Monday, February 16, 2015

February 14th – Semarang and Borobudur

Most people come to this part of Central Java to see the amazing temple at Borobudur, rather than the more gritty urban attractions of our port of call, Semarang. So, while Tracy was whizzed along the two hour journey to Borobudur with a police escort clearing the traffic out of her way, my tour around Semarang slowly made its way through the chaotic traffic that's become a feature of urban Indonesia.

In a city that's grown exponentially since the war into a modern town of 2 million people, there weren't many traces of the old town that was founded by the Dutch in the 18th century. We visited the old Dutch Church near the port – a grand reminder that the Dutch were making serious money out in the colonies in the East Indies, but also a reminder that the world has come a long way since the time of the European empires. The days when this was the centre of town have long gone.

There were a few more old Dutch houses and office blocks, but the only other major colonial building was the Lawang Sewu ("The Thousand Doors Building"), the former headquarters of the Dutch Railway Company. Other than that, Semarang has become a sprawling city of shopping malls, office blocks, ramshackle housing, and posh suburbs. The contrast between the sparkling malls and the rambling markets, between the dilapidated shacks and the opulent villas told the story of Indonesia's two-speed economic growth – the rich have been getting richer, while it seems like not much has changed for many of the poorer people.

Semarang is notable for being "the most Chinese city in Indonesia", with roughly a third of its population ethnic Chinese; so we visited one of their most impressive temples, the tall pagoda at the Buddhagaya Watugong Monsastery. The pagoda was covered in carvings and made a photogenic stop, but the whole site was curiously deserted.

Our final stop was at the Balemong Resort, a resort complex of 50 rooms and villas set in some beautiful grounds, that again appeared to be deserted. At the resort, we were shown how to make Batik designs and then given a chance to have a go ourselves. All I can say is that it's a lot harder than it looks – by the end of our session, my hands were covered in boiling hot wax, while the cloth that I was "decorating" was covered in clumps of wax that had little relation to the drawn out lines that I'd been attempting to follow. Somehow, in between me turning in this terrible piece of work that a three year old would have been embarrassed by, and it getting dyed, they'd managed to resurrect it into something vaguely artistic.
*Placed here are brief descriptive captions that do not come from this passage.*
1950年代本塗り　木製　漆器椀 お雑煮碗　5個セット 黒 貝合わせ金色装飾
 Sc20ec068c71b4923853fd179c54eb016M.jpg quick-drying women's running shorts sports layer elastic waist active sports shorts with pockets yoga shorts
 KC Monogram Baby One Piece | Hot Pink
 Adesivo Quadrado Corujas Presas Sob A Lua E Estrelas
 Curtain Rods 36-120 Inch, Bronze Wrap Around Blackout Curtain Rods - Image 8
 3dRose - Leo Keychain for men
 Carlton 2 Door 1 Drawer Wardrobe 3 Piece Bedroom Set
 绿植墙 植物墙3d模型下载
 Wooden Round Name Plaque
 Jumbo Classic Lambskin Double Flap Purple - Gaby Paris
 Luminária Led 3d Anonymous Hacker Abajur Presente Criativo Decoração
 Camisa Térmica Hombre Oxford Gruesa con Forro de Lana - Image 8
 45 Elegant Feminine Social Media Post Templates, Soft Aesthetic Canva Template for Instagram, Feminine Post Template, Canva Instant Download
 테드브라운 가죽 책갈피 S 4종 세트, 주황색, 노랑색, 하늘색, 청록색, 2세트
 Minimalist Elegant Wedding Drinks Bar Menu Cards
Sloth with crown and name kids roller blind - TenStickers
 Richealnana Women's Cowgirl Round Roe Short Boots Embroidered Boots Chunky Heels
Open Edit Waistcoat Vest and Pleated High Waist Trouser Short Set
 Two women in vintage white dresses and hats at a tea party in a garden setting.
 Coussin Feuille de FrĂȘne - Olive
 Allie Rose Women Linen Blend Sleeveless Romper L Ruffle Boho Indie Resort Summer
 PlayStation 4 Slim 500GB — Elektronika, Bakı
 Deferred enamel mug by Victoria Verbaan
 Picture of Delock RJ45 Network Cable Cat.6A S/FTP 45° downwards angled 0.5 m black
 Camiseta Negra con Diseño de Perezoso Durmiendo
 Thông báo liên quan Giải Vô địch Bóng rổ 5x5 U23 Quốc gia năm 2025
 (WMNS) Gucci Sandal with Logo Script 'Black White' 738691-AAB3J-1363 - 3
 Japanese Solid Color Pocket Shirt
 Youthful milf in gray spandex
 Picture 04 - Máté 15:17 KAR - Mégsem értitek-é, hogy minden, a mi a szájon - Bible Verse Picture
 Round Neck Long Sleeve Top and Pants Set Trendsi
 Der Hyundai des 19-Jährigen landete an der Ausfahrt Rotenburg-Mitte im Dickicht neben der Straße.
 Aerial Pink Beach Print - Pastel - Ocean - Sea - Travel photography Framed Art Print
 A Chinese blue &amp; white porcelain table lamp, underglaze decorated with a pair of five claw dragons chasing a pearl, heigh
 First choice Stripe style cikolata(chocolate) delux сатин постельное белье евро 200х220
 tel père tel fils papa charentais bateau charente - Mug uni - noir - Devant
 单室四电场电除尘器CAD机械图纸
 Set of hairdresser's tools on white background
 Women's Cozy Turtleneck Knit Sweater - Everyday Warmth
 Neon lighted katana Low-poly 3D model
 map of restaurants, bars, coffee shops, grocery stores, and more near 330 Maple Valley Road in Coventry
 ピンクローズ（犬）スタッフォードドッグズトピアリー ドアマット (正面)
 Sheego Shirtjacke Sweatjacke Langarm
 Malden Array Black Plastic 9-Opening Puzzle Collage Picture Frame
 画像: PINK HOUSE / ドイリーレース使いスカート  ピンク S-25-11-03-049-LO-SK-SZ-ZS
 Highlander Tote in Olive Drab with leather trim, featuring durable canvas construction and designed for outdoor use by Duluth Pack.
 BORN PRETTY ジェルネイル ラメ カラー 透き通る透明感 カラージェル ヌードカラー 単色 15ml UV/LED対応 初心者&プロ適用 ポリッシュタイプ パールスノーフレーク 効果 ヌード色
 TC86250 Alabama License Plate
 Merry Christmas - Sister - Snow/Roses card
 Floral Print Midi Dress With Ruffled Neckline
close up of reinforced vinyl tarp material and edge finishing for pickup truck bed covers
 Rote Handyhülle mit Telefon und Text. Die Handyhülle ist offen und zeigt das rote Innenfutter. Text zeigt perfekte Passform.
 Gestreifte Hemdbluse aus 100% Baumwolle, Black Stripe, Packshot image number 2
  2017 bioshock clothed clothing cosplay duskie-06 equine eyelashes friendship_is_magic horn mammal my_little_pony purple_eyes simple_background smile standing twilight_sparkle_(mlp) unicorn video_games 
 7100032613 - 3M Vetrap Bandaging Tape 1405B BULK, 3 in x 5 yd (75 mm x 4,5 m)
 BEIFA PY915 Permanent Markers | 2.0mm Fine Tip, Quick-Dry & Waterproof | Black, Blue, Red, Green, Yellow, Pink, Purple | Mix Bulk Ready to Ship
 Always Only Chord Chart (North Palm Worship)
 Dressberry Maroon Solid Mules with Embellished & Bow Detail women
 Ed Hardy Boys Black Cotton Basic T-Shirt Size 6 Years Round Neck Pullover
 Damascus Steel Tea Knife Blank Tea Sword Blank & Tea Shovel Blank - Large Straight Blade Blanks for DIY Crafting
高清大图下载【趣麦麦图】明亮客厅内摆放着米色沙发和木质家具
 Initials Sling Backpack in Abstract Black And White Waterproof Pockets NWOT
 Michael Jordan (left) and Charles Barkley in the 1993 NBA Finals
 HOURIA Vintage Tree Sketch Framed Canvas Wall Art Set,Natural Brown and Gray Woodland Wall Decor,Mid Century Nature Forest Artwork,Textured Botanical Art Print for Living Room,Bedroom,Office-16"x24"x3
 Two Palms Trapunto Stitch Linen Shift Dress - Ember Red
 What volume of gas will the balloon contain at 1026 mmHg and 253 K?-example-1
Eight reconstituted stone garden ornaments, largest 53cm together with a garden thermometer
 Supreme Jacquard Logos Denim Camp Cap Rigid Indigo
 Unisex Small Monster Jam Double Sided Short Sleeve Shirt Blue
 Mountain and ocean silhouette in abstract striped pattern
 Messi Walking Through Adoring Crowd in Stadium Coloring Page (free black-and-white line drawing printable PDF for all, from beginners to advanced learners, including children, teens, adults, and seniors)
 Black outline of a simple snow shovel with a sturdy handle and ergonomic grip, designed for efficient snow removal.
It was hot work, slaving over the boiling wax, so we were glad to have a cool beer with our tasty lunch, and then we got to watch a couple of enormous buffalos labouring away in the thick mud, as they ploughed a rice paddy – maybe doing a bit of batik wasn't so hard after all.

So, Semarang isn't the most attractive city in the world, but it's not completely without its charms.

PS. So, while Semarang is ok, Borobudur was a place to fall in love with on St Valentine's day. As you can see from Tracy's pictures of Borobudur, she definitely picked the right tour to join, as she followed the path of enlightenment around this enormous, totally stunning temple.